The author, longshoreman and philosopher Eric Hoffer wrote, “A busy life is the nearest thing to a purposeful life”.
While I can appreciate moments of relaxation and even occasional idleness, my days are purposefully filled with opportunities, conversations, and growth.
Though I cannot recall a time in my employment history with the Sunset Empire Park & Recreation District in which I was not busy, my schedule in recent months has intensified.
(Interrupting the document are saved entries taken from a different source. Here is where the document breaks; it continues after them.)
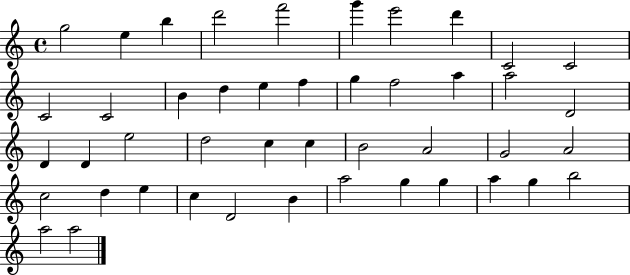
X:1
T:Untitled
M:4/4
L:1/4
K:C
g2 e b d'2 f'2 g' e'2 d' C2 C2 C2 C2 B d e f g f2 a a2 D2 D D e2 d2 c c B2 A2 G2 A2 c2 d e c D2 B a2 g g a g b2 a2 a2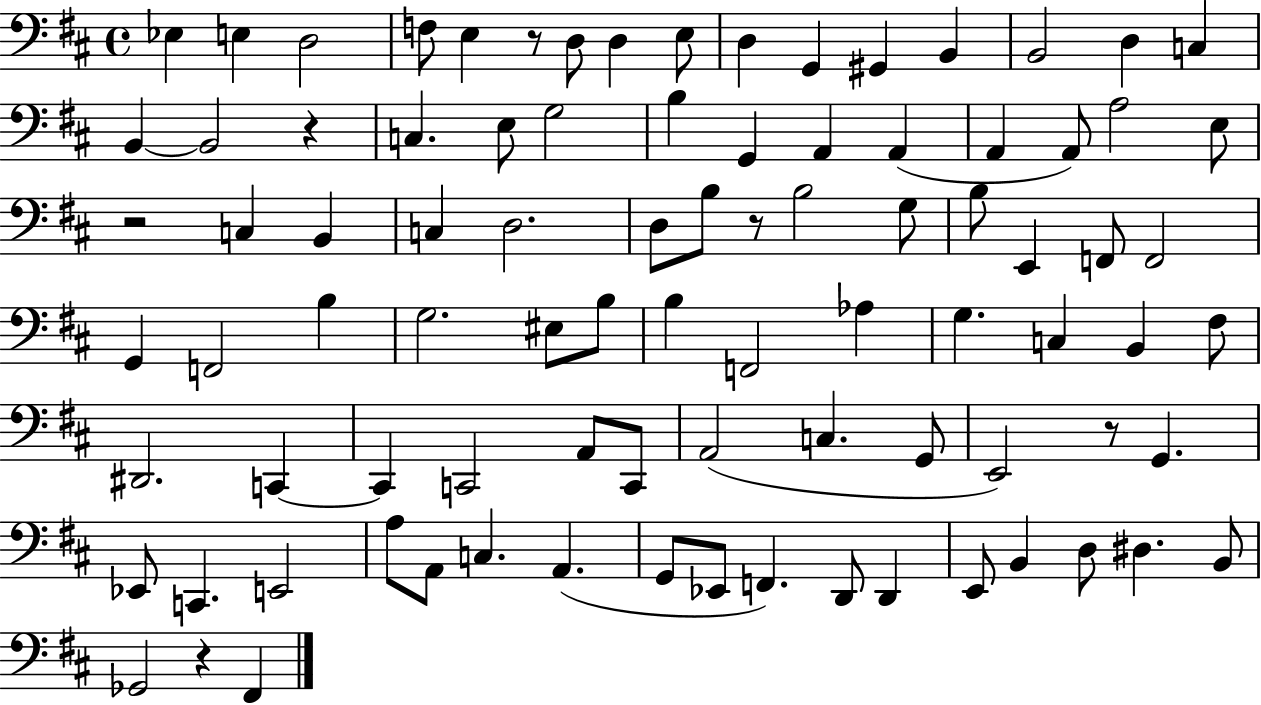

There is always work to do and so much of my work revolves around networking, communicating and listening.
One of those opportunities has come about lately and has been an energizing and productive portion of my schedule.
The Sunset Empire Park and Recreation District Board of Directors has developed several strategies and priorities since the district took ownership of the Sunset Recreation Center in January.
Above all, they have wanted to help the community become more aware of the opportunities that could come because of that acquisition and they sincerely desire to listen to our community and provide services and programs that benefit all our residents and guests.
The board formed three community leader teams to correlate with their three priorities in assessing the opportunities of the SRC: recreation for all, sports tourism and child care and youth programs.
Those teams were formed with strategic requested involvement from community leaders in those specific areas. The teams formed and have been meeting for the past few weeks. The results of that process have been dynamic, fruitful, and inspiring.
Team members include elected officials like Seaside city councilors and local business owners that have helped us evaluate how sports tourism can benefit our local economy. They have included representatives from local nonprofits like Lower Columbia Youth Soccer Association, Pacific Basketball League and Seaside Kids Inc. as well as local artists and photographers as we look at what the building can offer to enhance wellness and recreation through creative programming. And they have included parents, school administrators and other folks who serve the children and youth of our community.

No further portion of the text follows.